* [Exercise description] Once the line containing "Kerstbal fluffy - beige" is found in the entries below, reproduce it and every line after it, stopping at and including the line containing "New 3-Light Gold Pendant Fixture - photo 3"; reproduce nothing else, and keep each line exact.

◆ ◆ ◆

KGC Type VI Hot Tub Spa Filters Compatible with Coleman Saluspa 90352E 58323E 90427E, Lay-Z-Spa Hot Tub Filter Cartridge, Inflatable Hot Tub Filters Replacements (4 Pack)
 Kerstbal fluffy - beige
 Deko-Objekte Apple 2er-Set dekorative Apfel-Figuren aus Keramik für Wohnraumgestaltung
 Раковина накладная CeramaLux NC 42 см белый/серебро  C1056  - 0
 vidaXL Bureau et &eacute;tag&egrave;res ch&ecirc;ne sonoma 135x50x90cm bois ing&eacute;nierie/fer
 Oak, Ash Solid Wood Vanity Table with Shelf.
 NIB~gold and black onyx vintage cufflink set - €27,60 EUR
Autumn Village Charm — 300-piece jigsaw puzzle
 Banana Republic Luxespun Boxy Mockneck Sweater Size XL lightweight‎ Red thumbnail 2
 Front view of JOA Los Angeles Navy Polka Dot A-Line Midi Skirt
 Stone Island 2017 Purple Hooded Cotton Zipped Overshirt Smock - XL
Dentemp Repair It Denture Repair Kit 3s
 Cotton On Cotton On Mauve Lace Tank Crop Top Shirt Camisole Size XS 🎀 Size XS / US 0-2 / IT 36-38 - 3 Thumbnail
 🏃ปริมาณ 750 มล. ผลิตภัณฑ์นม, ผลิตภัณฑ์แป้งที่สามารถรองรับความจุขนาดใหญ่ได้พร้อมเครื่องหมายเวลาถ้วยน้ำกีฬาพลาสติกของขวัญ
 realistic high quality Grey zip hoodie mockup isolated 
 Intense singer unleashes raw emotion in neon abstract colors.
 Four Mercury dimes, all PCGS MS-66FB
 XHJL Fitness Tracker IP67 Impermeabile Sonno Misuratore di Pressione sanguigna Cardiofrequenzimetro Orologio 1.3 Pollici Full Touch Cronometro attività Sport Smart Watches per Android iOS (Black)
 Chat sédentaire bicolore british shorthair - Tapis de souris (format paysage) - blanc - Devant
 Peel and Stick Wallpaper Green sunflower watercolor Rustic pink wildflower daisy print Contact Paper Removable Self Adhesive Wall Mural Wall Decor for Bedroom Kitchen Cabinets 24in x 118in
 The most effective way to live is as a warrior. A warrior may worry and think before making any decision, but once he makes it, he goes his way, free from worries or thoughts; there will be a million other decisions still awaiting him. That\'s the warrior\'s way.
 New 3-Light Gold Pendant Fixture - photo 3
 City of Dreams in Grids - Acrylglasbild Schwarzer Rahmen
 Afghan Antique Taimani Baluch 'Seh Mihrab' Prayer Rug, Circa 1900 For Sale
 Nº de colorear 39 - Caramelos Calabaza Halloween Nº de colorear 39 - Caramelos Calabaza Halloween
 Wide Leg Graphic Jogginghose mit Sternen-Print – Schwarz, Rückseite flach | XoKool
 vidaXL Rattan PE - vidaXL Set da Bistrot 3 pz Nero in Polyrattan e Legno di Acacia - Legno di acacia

◆ ◆ ◆

* [Answer to the exercise]
 Kerstbal fluffy - beige
 Deko-Objekte Apple 2er-Set dekorative Apfel-Figuren aus Keramik für Wohnraumgestaltung
 Раковина накладная CeramaLux NC 42 см белый/серебро  C1056  - 0
 vidaXL Bureau et &eacute;tag&egrave;res ch&ecirc;ne sonoma 135x50x90cm bois ing&eacute;nierie/fer
 Oak, Ash Solid Wood Vanity Table with Shelf.
 NIB~gold and black onyx vintage cufflink set - €27,60 EUR
Autumn Village Charm — 300-piece jigsaw puzzle
 Banana Republic Luxespun Boxy Mockneck Sweater Size XL lightweight‎ Red thumbnail 2
 Front view of JOA Los Angeles Navy Polka Dot A-Line Midi Skirt
 Stone Island 2017 Purple Hooded Cotton Zipped Overshirt Smock - XL
Dentemp Repair It Denture Repair Kit 3s
 Cotton On Cotton On Mauve Lace Tank Crop Top Shirt Camisole Size XS 🎀 Size XS / US 0-2 / IT 36-38 - 3 Thumbnail
 🏃ปริมาณ 750 มล. ผลิตภัณฑ์นม, ผลิตภัณฑ์แป้งที่สามารถรองรับความจุขนาดใหญ่ได้พร้อมเครื่องหมายเวลาถ้วยน้ำกีฬาพลาสติกของขวัญ
 realistic high quality Grey zip hoodie mockup isolated 
 Intense singer unleashes raw emotion in neon abstract colors.
 Four Mercury dimes, all PCGS MS-66FB
 XHJL Fitness Tracker IP67 Impermeabile Sonno Misuratore di Pressione sanguigna Cardiofrequenzimetro Orologio 1.3 Pollici Full Touch Cronometro attività Sport Smart Watches per Android iOS (Black)
 Chat sédentaire bicolore british shorthair - Tapis de souris (format paysage) - blanc - Devant
 Peel and Stick Wallpaper Green sunflower watercolor Rustic pink wildflower daisy print Contact Paper Removable Self Adhesive Wall Mural Wall Decor for Bedroom Kitchen Cabinets 24in x 118in
 The most effective way to live is as a warrior. A warrior may worry and think before making any decision, but once he makes it, he goes his way, free from worries or thoughts; there will be a million other decisions still awaiting him. That\'s the warrior\'s way.
 New 3-Light Gold Pendant Fixture - photo 3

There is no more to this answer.